▸ **PROVIDED DATA**:
-------------------------

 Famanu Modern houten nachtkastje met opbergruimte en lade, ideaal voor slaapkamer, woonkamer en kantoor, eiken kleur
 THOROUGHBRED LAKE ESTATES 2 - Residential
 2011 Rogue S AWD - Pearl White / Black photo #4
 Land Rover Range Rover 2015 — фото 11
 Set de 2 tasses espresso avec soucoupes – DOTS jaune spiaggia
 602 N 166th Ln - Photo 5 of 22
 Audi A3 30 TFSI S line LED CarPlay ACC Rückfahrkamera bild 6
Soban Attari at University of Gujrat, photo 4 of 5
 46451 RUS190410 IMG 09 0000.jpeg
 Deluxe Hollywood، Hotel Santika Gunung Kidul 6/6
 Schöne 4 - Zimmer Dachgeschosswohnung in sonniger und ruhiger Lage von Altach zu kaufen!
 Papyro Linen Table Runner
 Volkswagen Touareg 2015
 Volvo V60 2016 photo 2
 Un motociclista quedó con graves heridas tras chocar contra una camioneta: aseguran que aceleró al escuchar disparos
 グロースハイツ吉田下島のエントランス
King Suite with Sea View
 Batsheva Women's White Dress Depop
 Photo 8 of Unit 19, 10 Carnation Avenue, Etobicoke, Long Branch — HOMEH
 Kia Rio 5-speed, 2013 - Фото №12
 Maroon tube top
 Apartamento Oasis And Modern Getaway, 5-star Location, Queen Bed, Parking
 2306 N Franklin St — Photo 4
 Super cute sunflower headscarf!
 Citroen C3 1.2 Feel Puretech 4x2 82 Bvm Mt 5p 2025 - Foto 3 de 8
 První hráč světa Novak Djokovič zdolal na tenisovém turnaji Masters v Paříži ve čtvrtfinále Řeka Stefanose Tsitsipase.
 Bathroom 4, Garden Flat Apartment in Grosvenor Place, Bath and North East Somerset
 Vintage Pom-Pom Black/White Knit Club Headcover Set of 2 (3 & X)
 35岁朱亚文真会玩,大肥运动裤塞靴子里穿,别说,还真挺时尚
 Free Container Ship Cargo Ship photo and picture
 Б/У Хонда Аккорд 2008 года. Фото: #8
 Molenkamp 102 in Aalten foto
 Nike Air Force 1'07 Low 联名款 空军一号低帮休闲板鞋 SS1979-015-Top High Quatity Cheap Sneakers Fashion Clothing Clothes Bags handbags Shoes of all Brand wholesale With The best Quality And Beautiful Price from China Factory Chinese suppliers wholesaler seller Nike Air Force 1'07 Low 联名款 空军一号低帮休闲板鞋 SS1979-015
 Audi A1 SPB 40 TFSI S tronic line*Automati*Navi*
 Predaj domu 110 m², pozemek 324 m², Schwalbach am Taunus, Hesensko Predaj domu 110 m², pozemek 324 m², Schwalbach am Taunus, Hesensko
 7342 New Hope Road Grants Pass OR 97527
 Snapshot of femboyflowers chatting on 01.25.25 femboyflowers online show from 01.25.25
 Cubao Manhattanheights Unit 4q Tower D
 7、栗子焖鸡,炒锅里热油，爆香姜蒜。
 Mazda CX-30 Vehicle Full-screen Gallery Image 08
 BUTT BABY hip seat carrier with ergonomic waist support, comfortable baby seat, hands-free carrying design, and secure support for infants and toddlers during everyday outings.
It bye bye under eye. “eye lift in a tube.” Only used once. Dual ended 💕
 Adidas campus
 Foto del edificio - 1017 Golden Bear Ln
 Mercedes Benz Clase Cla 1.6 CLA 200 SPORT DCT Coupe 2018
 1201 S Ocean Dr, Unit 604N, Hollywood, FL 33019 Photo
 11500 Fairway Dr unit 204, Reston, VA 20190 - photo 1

-------------------------

▸ **AIM OF THE TASK**: In the material above, find the line containing "Volvo V60 2016 photo 2" and the line containing "35岁朱亚文真会玩,大肥运动裤塞靴子里穿,别说,还真挺时尚", then write out exactly those two lines and every line between them, and nothing more.

▸ **RESPONSE TO THIS TASK**:
 Volvo V60 2016 photo 2
 Un motociclista quedó con graves heridas tras chocar contra una camioneta: aseguran que aceleró al escuchar disparos
 グロースハイツ吉田下島のエントランス
King Suite with Sea View
 Batsheva Women's White Dress Depop
 Photo 8 of Unit 19, 10 Carnation Avenue, Etobicoke, Long Branch — HOMEH
 Kia Rio 5-speed, 2013 - Фото №12
 Maroon tube top
 Apartamento Oasis And Modern Getaway, 5-star Location, Queen Bed, Parking
 2306 N Franklin St — Photo 4
 Super cute sunflower headscarf!
 Citroen C3 1.2 Feel Puretech 4x2 82 Bvm Mt 5p 2025 - Foto 3 de 8
 První hráč světa Novak Djokovič zdolal na tenisovém turnaji Masters v Paříži ve čtvrtfinále Řeka Stefanose Tsitsipase.
 Bathroom 4, Garden Flat Apartment in Grosvenor Place, Bath and North East Somerset
 Vintage Pom-Pom Black/White Knit Club Headcover Set of 2 (3 & X)
 35岁朱亚文真会玩,大肥运动裤塞靴子里穿,别说,还真挺时尚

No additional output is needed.